:: Exercise ::
Extract the full listing verbatim and drop any pictures from your copy.

:: Material for this task ::
--------------------------------

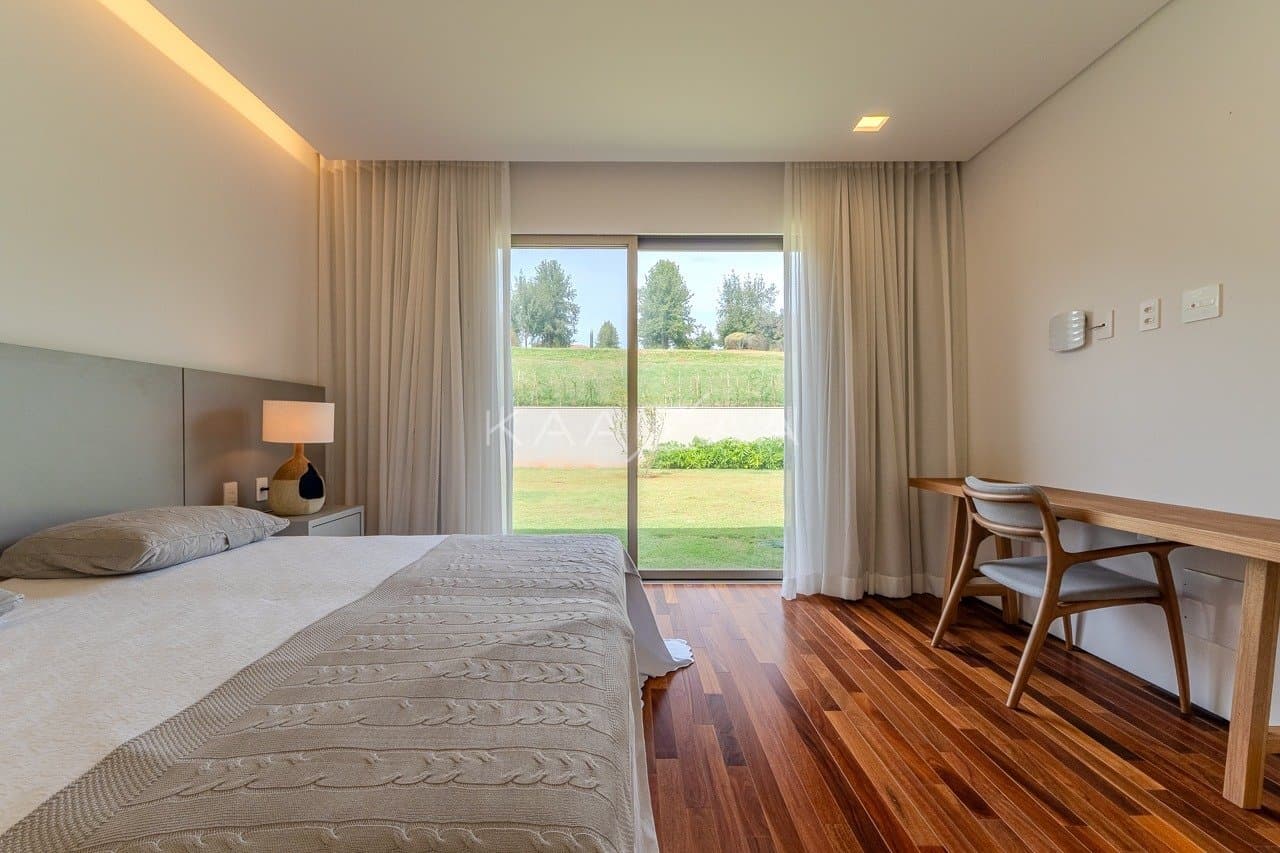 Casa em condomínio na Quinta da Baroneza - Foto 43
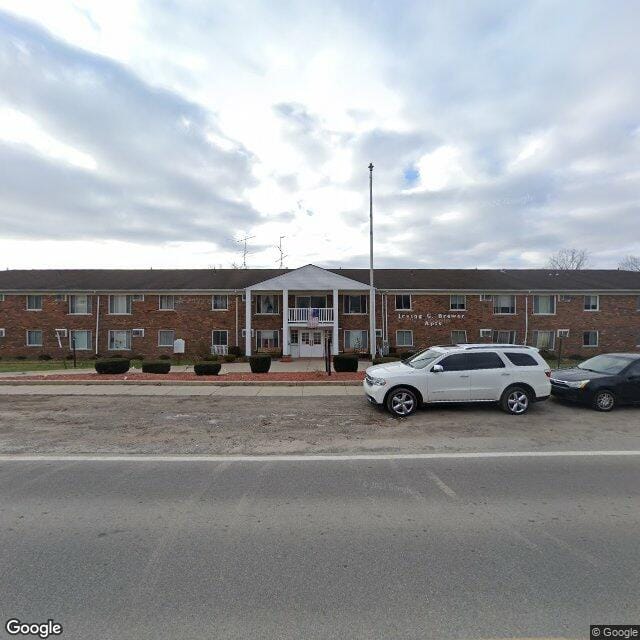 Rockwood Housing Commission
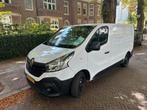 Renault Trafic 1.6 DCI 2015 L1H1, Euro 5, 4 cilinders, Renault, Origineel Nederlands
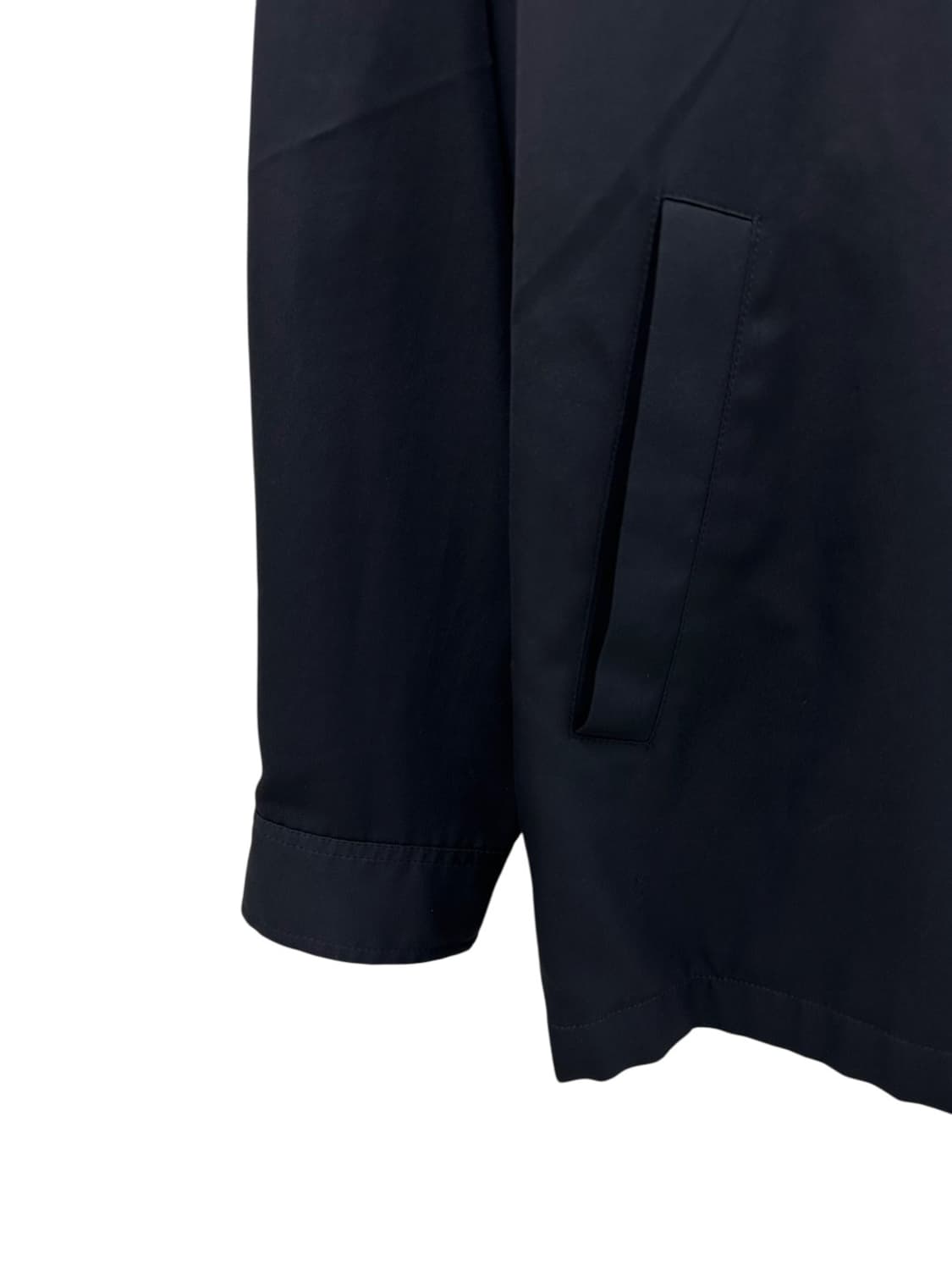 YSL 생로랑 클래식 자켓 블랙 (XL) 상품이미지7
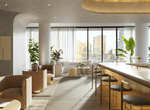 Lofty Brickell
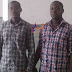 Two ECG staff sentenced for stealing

--------------------------------

:: Exercise answer ::
 Casa em condomínio na Quinta da Baroneza - Foto 43
 Rockwood Housing Commission
 Renault Trafic 1.6 DCI 2015 L1H1, Euro 5, 4 cilinders, Renault, Origineel Nederlands
 YSL 생로랑 클래식 자켓 블랙 (XL) 상품이미지7
 Lofty Brickell
 Two ECG staff sentenced for stealing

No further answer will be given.